Девки юбки поскидали,
Я к ним сразу полетел…

Третьяк, вспомнив свою бесшабашную юность, остановился, заулыбался во весь рот. Молодец в расстегнутом кафтане, с колпаком набекрень, стоял возле бани, а вокруг него вились две девки в татарских сапогах. Сверху платки, а под ними, видно, и не было ничего. Одна тянулась к нему, ловила шею губами, вторая прижималась к плечу, елозилась, будто змеища.

– Кажись, знакомый? – пробормотал Третьяк.

И, углядев рожу, натянул малахай пониже и рысью побежал прочь с Катаевого подворья. Только бы срамницы закружили голову мальцу так, чтобы про все позабыл. Ему ли не знать, как оно бывает.

После той встречи радость Третьякову словно корова языком слизнула.

* * *

– Жена ты мне. – В избу зашел кто-то большой, пропахший хвоей и порохом.

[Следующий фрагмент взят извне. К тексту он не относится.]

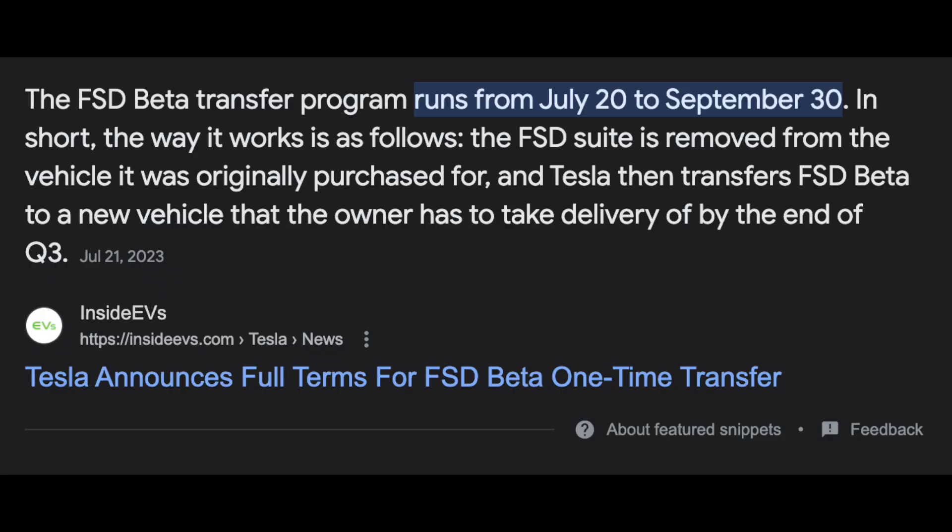Here's the thing — Tesla just recently introduced a brand new FSD beta transfer program, allowing you to move your FSD software from one vehicle to a brand new vehicle without having to repurchase the whole software again. However, the way they are enforcing it and putting rules to it can be quite telling, and these are all the things that lead me to predict that Project Highland is going to definitely be delayed.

Лицо его пряталось во тьме. Все не могла углядеть, кто там. Послушная, обретшая за последние месяцы покорность Нютка накрывала на стол. Откуда-то взялось вино, терпкое, иноземное, какое пили в отцовых хоромах. Льняная скатерть с вышивкой. На огромных блюдах наложено яств с горою.

А незваный муж все ел и ел.

Наконец насытился и стал еще больше, аж кафтан на плечах затрещал. Вытер пальцы с тщанием приличного человека. Да у него обе руки, с облегчением поняла Нютка. То не старый Басурман. Не хромает – значит, и не Третьяк.

– Иди к мужу своему, – велел он, посадил Нютку на колени и запел колыбельную песню. Да странную: там все про голубя и голубку, про хвосты да крылья.

Потом целовал ее, гладил от самого затылка до места, где заканчивалась податливая спина. Сначала легко, невесомо, потом все настойчивей, вдавливая пальцы в ее плоть. «Жена, жена», – повторял на ухо.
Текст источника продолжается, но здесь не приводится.